Evidence-based strategies for specific learning difficulty

Evidence-based strategies are those that have been evaluated by researchers within school settings, and found to be effective.
Strategies that require training or access to specific programs or resources have not been included, such as targeted interventions designed for students with dyslexia, dysgraphia or dyscalculia.

Directly tackle underlying skills

Target phonological awareness and phonics

Consider teaching students phonemes (speech sounds), graphemes (letters that make up a sound such as ‘ph’), morphemes (smallest part of a word that means something, such as ‘cut’ in ‘cutting’), and orthography. For example, ask students to rearrange syllables to form a word, or write different word endings. 

Resources to support the systematic and explicit instruction of phonological awareness and phonics can be found on the Literacy and Numeracy Digital Resources Hub.

Break target skills down

Sometimes a student may need a task broken down into smaller tasks. For example, when writing an essay, ask students who experience reading or writing difficulties to identify the key parts of the essay question before they plan or write their essay.

Consider how you give instructions

Provide clear and explicit instructions

Consider giving clear and specific information to students. Break down target skills (for example, help them identify key parts of an essay question) and identify the components of a problem (for example, break down the steps needed to solve a maths problem).

Model tasks and the underlying strategies or thinking

Students may learn more effectively if shown how to do a task. Consider talking out loud to demonstrate the strategies you use to problem solve when working on the task.

Monitor and check understanding

Check if students have understood what they are learning. Consider checking student understanding and progress regularly.

Use visual supports

Students can be supported to develop competency in numeracy through the use of concrete materials and visual objects in demonstrations. Asking students to create semantic maps or graphic organisers may support students with writing and reading.

Provide lots of opportunities to practise

Provide opportunities for students to practise a task lots of times

When programming, plan for repeated opportunities for students to practise and consolidate their learning. Accuracy and fluency can be increased through providing students with repeated opportunities to solve familiar mathematics problems or to read a familiar text. For students who experience difficulties with reading, it is recommended that decodable texts are utilised to reinforce decoding skills  

When a task is new, students will learn best with scaffolded support

When possible, offer them help (such as prompts, demonstrations, encouragement) and gradually reduce this support. 
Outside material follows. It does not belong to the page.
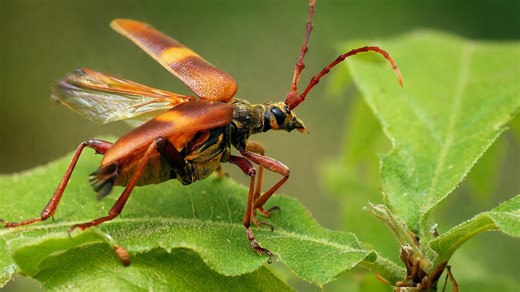 Ein winziges Tier bereitet sich in dieser Nahaufnahme auf den Abflug vor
Choose computer programs or apps with care

Programs or apps for tablets that target skills such as handwriting, decoding words, spelling, reading rhythm and phonemes may help a student learn these skills. 

Programs which ‘do the work’ for the student (for example, programs which read the story to the student) are helpful for activities where the focus is not on their reading (for example, science) but may not be a helpful learning-to-read tool. When a student who experiences reading difficulties is practising reading, they will get better results trying to read words for themselves.
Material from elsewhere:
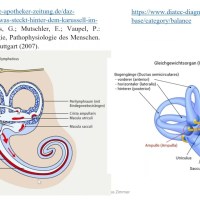 Erkältung Anhang 4: das Ohr – Gleichgewichtssinn, Schwindel Erkältung Anhang 4: das Ohr – Gleichgewichtssinn, Schwindel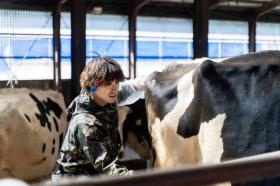 牛をあいてにする事もあります。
Provide students with extra supports and strategies

Teach students to self-monitor

Students can be taught to assess their own work. For example, give students who experience writing difficulties a list of things to include in their work (for example, five adjectives) and ask them to plan how they will do so. They can then assess whether they have successfully included that list of things in their work. Storyboards (drawings of the storyline) may help students plan.
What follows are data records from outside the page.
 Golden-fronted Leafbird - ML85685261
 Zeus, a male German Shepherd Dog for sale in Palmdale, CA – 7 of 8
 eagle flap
Actively use and teach meta-cognitive strategies

Meta-cognitive strategies help students to understand the way they best learn. Teaching students how to use strategies such as rehearsal (repeating), elaboration (paraphrasing and summarising), reading aloud, using mnemonics, visual supports or organisers (such as concept maps; taking notes), reading comprehension strategies such as self-questioning, and opportunities for learning reflections, can all help students identify strategies to support their learning.